Same recommendation across grok and most reasoning models. If your orchestrator can't safely interleave reasoning with parallel tool execution, the safe default is sequential.

**Verify**: trace a multi-tool turn with parallel enabled. If results return in non-call order or one tool gets serialized, the feature is unreliable for your workload.

## 11. Rate-card miscost — adapter must split cache-hit vs cache-miss

**Symptom**: `hub_agent_budget.cost_usd` for a DeepSeek pod is 2-5× the actual DeepSeek billing console number.

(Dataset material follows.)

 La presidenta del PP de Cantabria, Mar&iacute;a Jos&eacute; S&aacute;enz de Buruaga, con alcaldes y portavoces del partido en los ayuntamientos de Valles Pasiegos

**Cause**: DeepSeek bills input tokens at one rate when cached (`prompt_cache_hit_tokens`) and another when uncached (`prompt_cache_miss_tokens`). Adapters that lump all input tokens at the cache-miss rate over-bill by the cached fraction. Reasoning tokens bill at the OUTPUT rate (DeepSeek bundles them into `completion_tokens` for accounting).

**Fix**:

```go
func costFromUsage(u Usage) float64 {
    // V4-Flash rates (calibrated 2026-05-16 against billing console):
    const (
        inputMiss  = 0.28 / 1e6
        inputHit   = 0.028 / 1e6
        output     = 1.10 / 1e6
    )
    cost := float64(u.PromptCacheMissTokens) * inputMiss
    cost += float64(u.PromptCacheHitTokens) * inputHit
    cost += float64(u.CompletionTokens) * output  // includes reasoning_tokens
    return cost
}
```

If the response omits the cache split (older response shape), treat all input as cache-miss — upper-bounds the cost.

**Verify**: compare 24h of your tracker's cost number against the DeepSeek billing console. If your tracker > console by >2×, the split is wrong.

## Bonus: pricing summary

| Model | Input (miss) | Input (hit) | Output | Notes |
|---|---|---|---|---|
| V4-Pro | $1.74/M | n/a | $3.48/M | 75% off until 2026-05-31: $0.435/$0.87 |
| V4-Flash | $0.28/M | $0.028/M | $1.10/M | No discount; permanent |

## Common Mistakes

**Treating V4-Pro and V4-Flash as one model with different latency.** They are different tools for different jobs. Pro for plan-then-execute heavy work; Flash + d4-rich for cheap tier-2 fixes. Routing by tier captures both wins.

**Trusting DeepSeek's self-report that reasoning_content echo is "harmful".** Matrix cell `dr-echo-drop` rejected at 0/3 / $0.00. The four external sources (Cline, RooCode, Continue.dev, the API docs themselves) were right; the model's introspection was wrong.

**Stacking community advice without testing.** Three commonly-recommended levers (`reasoning_effort: max`, `strict_tools: true`, `prompt-rich` on Pro) ALL regressed quality in the matrix. The DeepSeek-Pro baseline is already well-tuned; every variant beat it on cost, none beat it on pass rate.

**Budgeting at today's V4-Pro rate forever.** The 4× cliff on 2026-06-01 surprises cost models that don't encode the date. Encode it.

**Ignoring the cache-hit/miss split when computing cost.** Adapters that bill all input as cache-miss over-bill by 2-5× on workloads with stable system prompts. Use the per-token split from `usage`, not a single rate.